North Yorkshire Police have seized two machetes, three samurai swords, two knuckledusters and a pistol in a drugs crackdown.
The force took part a national week of action between Monday 9 and Sunday 15 October to target county lines drug dealing.
It has seen 26 arrests and the seizure of £70,000 in cash, suspected drugs, weapons and mobile phones.
In York, officers executed a warrant at an address in York city centre and recovered a quantity of what is suspected to be a class-C drug and a Samurai sword.
A 55-year-old man was arrested on suspicion of possession with intent to supply a class-C drugs, and possession of an offensive weapon.
He was released without charge in relation to the weapon, but remains under investigation for drug offences.
In a separate operation, officers entered a York hotel and arrested two men in their 20s on suspicion of being concerned in the supply of a class-A drug.
One of the men, aged 22, was charged with six offences relating to the possession and supply of cocaine and heroin. He appeared at York Magistrates’ Court on 7 October and was sent for trial at a later date.

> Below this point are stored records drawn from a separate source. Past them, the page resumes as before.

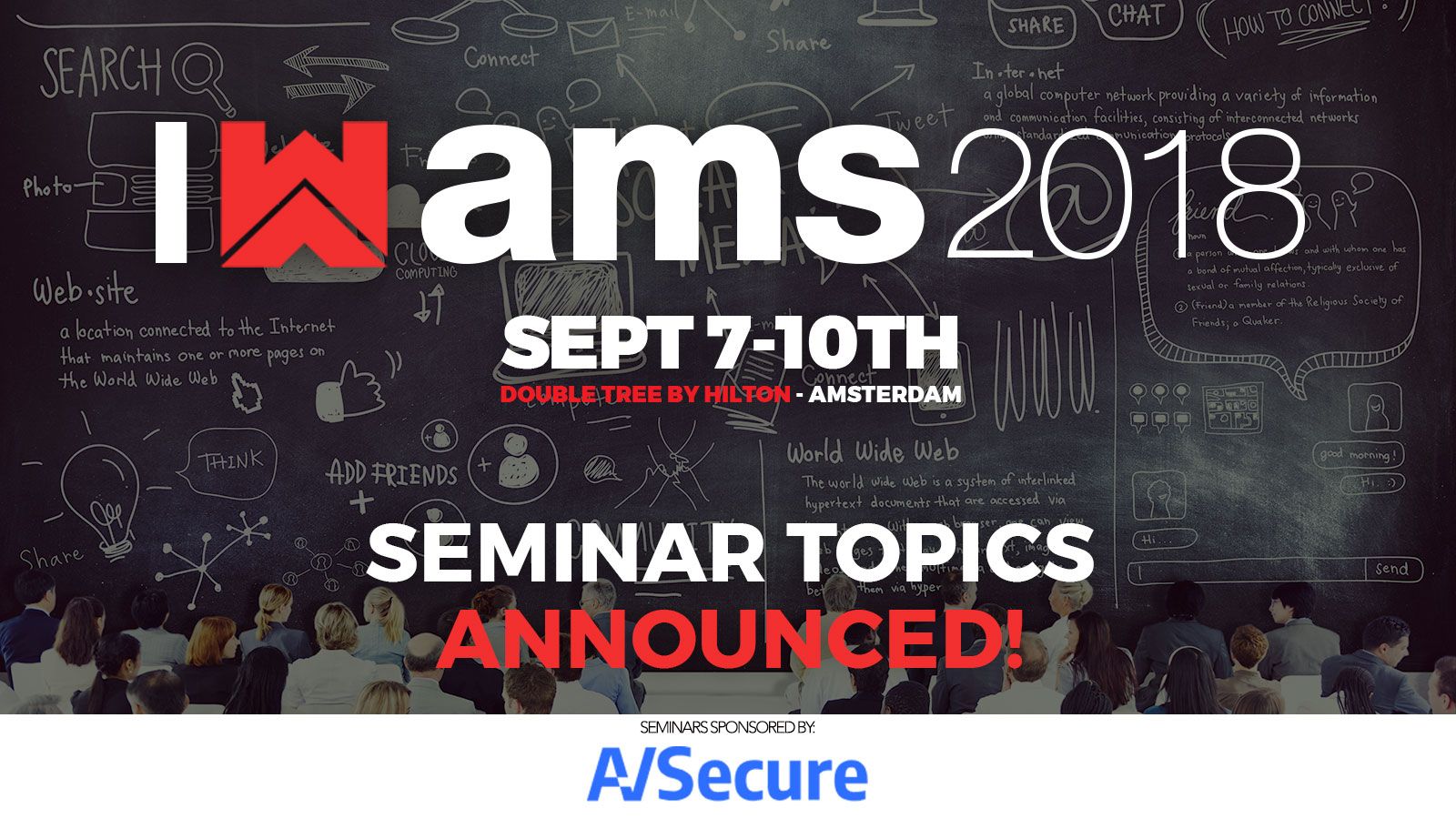Webmaster Access Amsterdam Announces 2018 Seminar Program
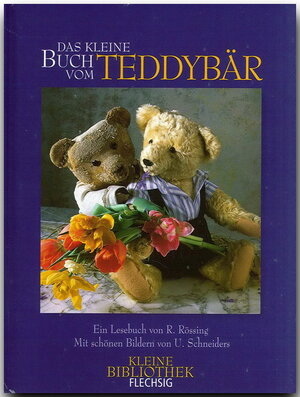 Buchcover Das kleine Buch vom Teddybär | Roger Rössing | EAN 9783881891950 | ISBN 3-88189-195-1 | ISBN 978-3-88189-195-0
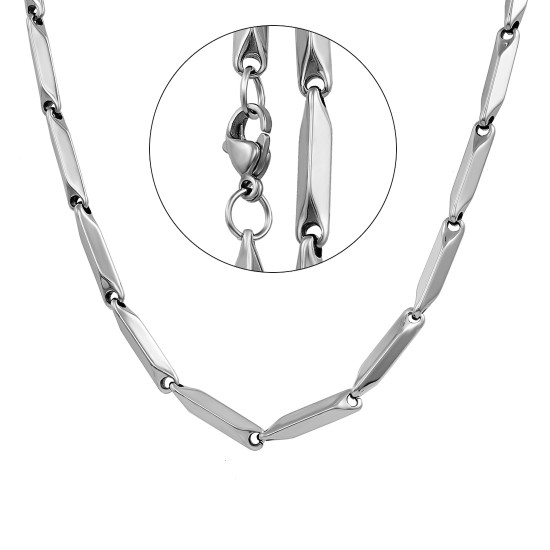 Nakabh Stainless Steel Chain | Mens Boys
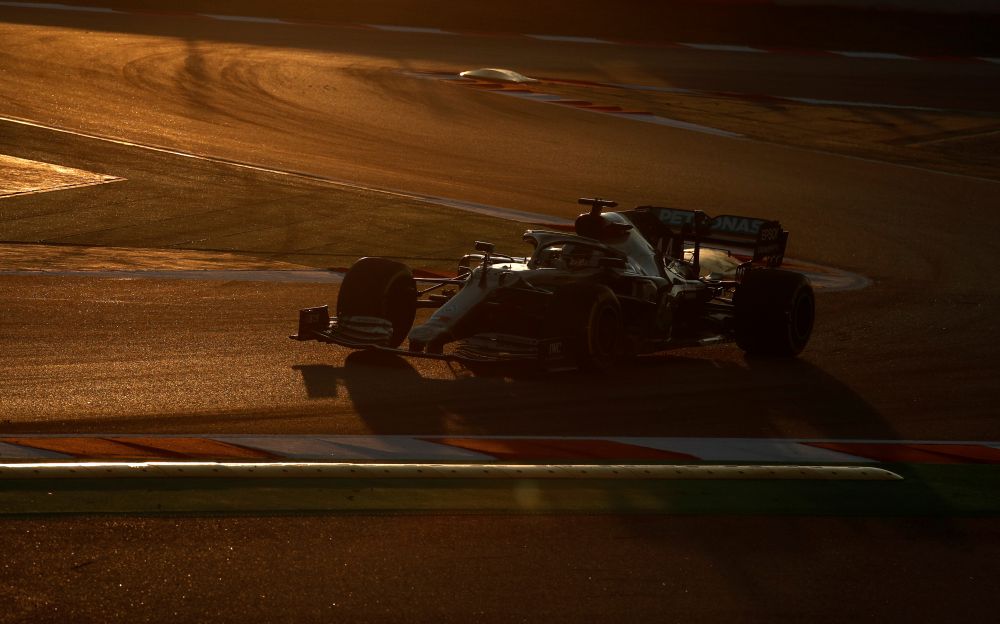 Mercedes' Lewis Hamilton during pre-season testing in Barcelona February 20, 2020. u00e2u20acu201d Reuters pic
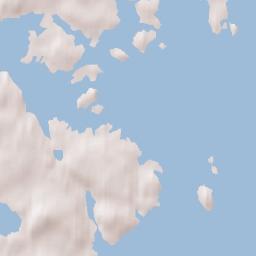 Stavanger Terrain Map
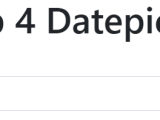 Add Datepicker In Bootstrap 5 With Examples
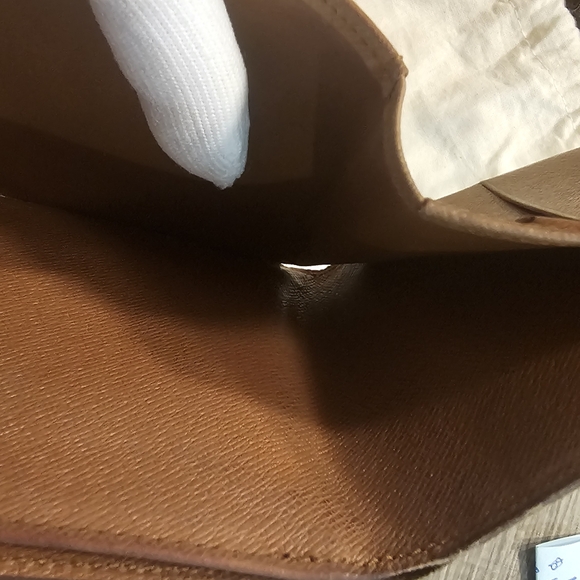 Louis vuitton vintage monogram wallet 4x4 - Picture 8 of 8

The other man was released on conditional bail.
Officers were on routine patrol on Rawdon Avenue in York when they suspected that two men were involved in the supply of drugs.
Two 20-year-old men were arrested on suspicion of being concerned in the supply of a Class-A drug. Both were interviewed and released on conditional bail.
Police in York executed four warrants following information received that the occupants were working together on drug supply.
Officers seized cash, drugs paraphernalia and phones.
A 22-year-old man was arrested on suspicion of possession with intent to supply a Class-B drug. A second man, also 22-years-old was arrested for possession of an offensive weapon, possession of a Class-B drug, being concerned in the supply of a class-B drugs. He was also released on bail.
Protect the young and vulnerable
Detective Chief Inspector Andrew Simpson, who led the week of activity for North Yorkshire Police, said: “Last week’s targeted activity demonstrates how we are working tirelessly to disrupt the supply of illegal drugs and protect the young and vulnerable in our communities who are exploited by them.
“It’s important to stress that this is just one week’s activity, and this type of disruption and safeguarding is taking place in communities across North Yorkshire all year round.
“As a force we are committed to cutting these County Lines and to protecting vulnerable people. But we cannot do this alone, our work with partners is important and we also need the support of the public.
“It’s vital that everyone who cares for or knows young and vulnerable people understands the issue and knows the warning signs.”
Yorkshire author Christina Gabbitas was commissioned by police to write a sequel story ‘Trapped in County Lines’.
She took part in talks alongside neighbourhood policing officers in several schools across the county.
“The story aims to educate children and young people on the dangers of becoming involved with county lines through the power of storytelling,” she said.
“Children and young people can sadly be victims of exploitation from organised crime groups. County Lines is a harsh reality of life, and in my opinion shouldn’t be sugar coated.”
County lines takes its name from the mobile phone lines used by dealers to communicate between towns and advertise drugs for sale. Vulnerable people – including children – are forced to deal drugs and they will often use local properties as a base for their activities; this is often acquired by force and referred to as ‘cuckooing’.
As part of the week of action, proactive safeguarding and welfare checks were conducted at hotels and bed and breakfasts where known vulnerable persons are living. In total officers safeguarded 73 people who are known or suspected as being vulnerable to county lines exploitation.